◆ AIM OF THE TASK: An exact copy of every record, without the pictures, is what should come back.

◆ DATA EXTRACTS:
╭──
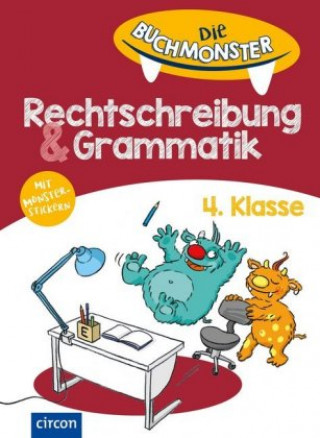 Kniha Rechtschreibung & Grammatik 4. Klasse Tanja von Ehrenstein
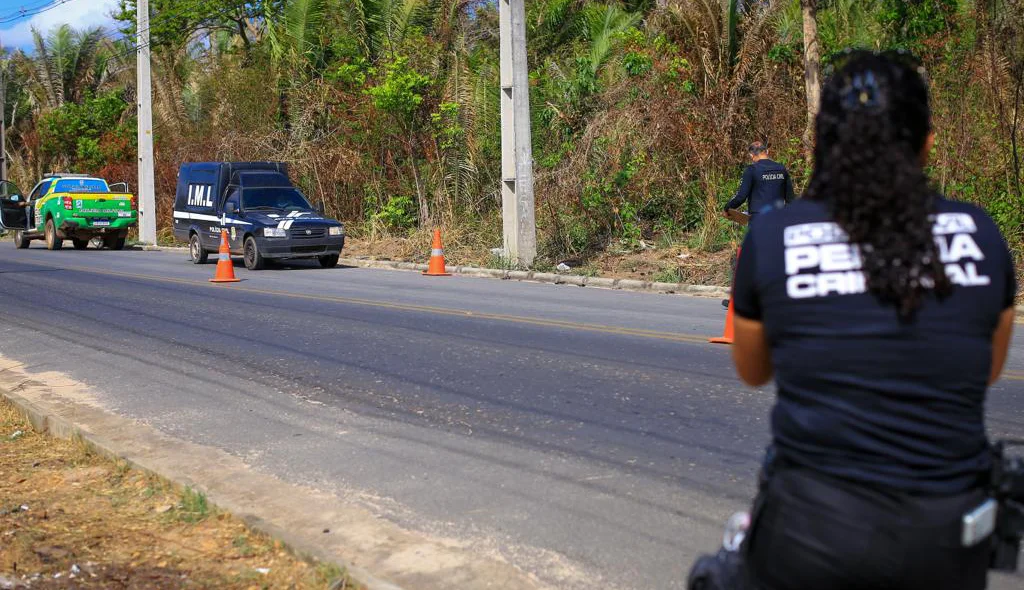 O crime ocorreu na zona norte de Teresina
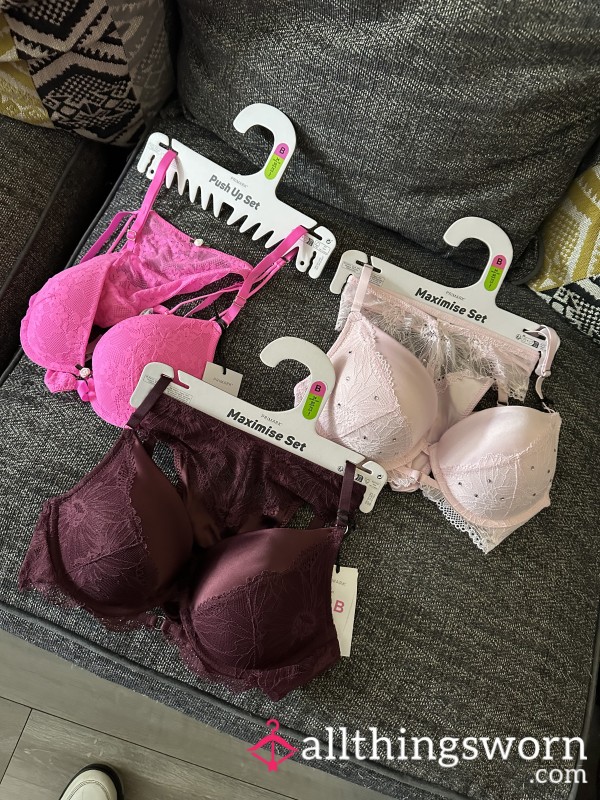 Watch Me Try My New Underwear On And Get Dressed 🥵😈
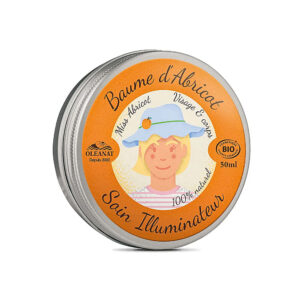 Oléanat återfuktande smör aprikos BIO, 30 ml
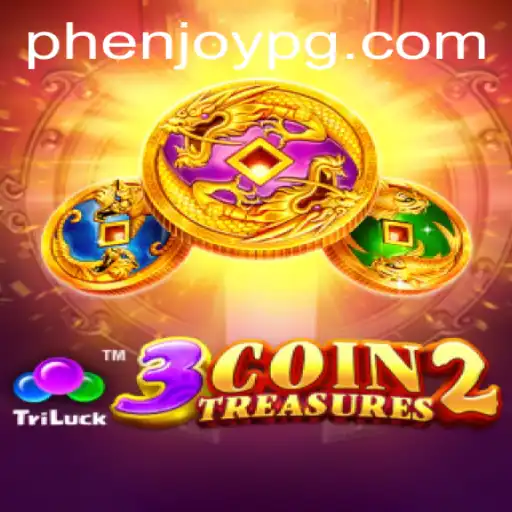 Discover the Adventure of 3CoinTreasures2 and Immerse with PHEnjoy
╰──
◆ RESPONSE TO THE EXERCISE:
 Kniha Rechtschreibung & Grammatik 4. Klasse Tanja von Ehrenstein
 O crime ocorreu na zona norte de Teresina
 Watch Me Try My New Underwear On And Get Dressed 🥵😈
 Oléanat återfuktande smör aprikos BIO, 30 ml
 Discover the Adventure of 3CoinTreasures2 and Immerse with PHEnjoy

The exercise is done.